Activity:
Provide the material again, with every line intact and exact.

____

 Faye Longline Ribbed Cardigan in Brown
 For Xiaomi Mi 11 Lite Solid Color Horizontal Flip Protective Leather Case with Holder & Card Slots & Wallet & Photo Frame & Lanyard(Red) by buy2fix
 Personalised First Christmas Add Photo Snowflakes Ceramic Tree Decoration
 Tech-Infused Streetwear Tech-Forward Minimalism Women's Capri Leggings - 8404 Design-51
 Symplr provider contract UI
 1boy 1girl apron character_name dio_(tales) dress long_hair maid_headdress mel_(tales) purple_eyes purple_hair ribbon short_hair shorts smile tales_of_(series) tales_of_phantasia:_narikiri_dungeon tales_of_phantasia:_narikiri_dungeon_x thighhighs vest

____

Result of the exercise:
 Faye Longline Ribbed Cardigan in Brown
 For Xiaomi Mi 11 Lite Solid Color Horizontal Flip Protective Leather Case with Holder & Card Slots & Wallet & Photo Frame & Lanyard(Red) by buy2fix
 Personalised First Christmas Add Photo Snowflakes Ceramic Tree Decoration
 Tech-Infused Streetwear Tech-Forward Minimalism Women's Capri Leggings - 8404 Design-51
 Symplr provider contract UI
 1boy 1girl apron character_name dio_(tales) dress long_hair maid_headdress mel_(tales) purple_eyes purple_hair ribbon short_hair shorts smile tales_of_(series) tales_of_phantasia:_narikiri_dungeon tales_of_phantasia:_narikiri_dungeon_x thighhighs vest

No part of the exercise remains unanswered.